The world failed Cambodia.
While in Phnom Penh, Kaytlin and I did the S-21 torture museum, the building where the political prisoners were held and tortured before being deposited in the Killing Fields. It was without a doubt one of the emotionally heavy experience of my life. It lingers with you for a few days.
I had a hard time with the rows of wooden cells a few feet wide and 5 feet deep. Claustrophobia and general dread set in when we walked through an entire floor of these cells that was devoid of a single other tourist or staff – just you and room after room of these horrific caskets, free for you to climb in and experience the place where someone starved to death. I’m now convinced that walls hold psychic weight. I had to leave that floor early.
Then after some back and forth with a crooked tuk-tuk driver (there are more of these in Phnom Penh than either of the two other places we’ve been in Cambodia), it was on to the Killing Fields to double down on sadness. I won’t even go into all the horrors you hear about there, but suffice it to say that it’s sobering to encounter what look like sandstone pebbles in the sand path that you later realize are bone chards that still come to the surface after monsoon rains. Even whole skulls and clothes that were worn when you had your throat slit (not worth the bullet) and you were dropped into a pit. And yet the strange juxtaposition of nature taking back over and making it a beautiful place despite the horror.

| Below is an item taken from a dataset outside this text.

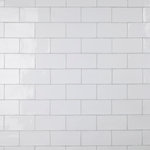 Merola Tile - Chester Bianco Ceramic Wall Tile - Offering a subway look, our Chester Bianco Ceramic Wall Tile features a smooth, glossy finish, providing decorative appeal that adapts to a variety of stylistic contexts. With its semi-vitreous features, this white rectangle tile is an ideal selection for indoor commercial and residential installations, including kitchens, bathrooms, backsplashes, showers, hallways and fireplace facades. This tile is a perfect choice on its own or paired with other products in the Chester Collection. Tile is the better choice for your space!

These people lived through a literal hell that you truly can see in some people’s eyes. Kaytlin and I both agreed that Cambodia would be an amazing place to live. Being there for a month, we made some connections with several Cambodians, but you don’t feel worthy of talking about these experiences with them. Living here would afford you more opportunities to get to know these people and hear their stories, which are criminally undertold.
And yet somehow, Cambodians find a way to be almost unceasingly smiling, vibrant and wonderful.
Currently in southern Laos, which moves at about half the pace of Cambodia. Kaytlin and I are headed out on motorbikes for a few days, puttering around the coffee plantations and waterfalls of the Bolaven Plateau. Missing friends and family during the holidays, but in constant awe at the experiences we’re having.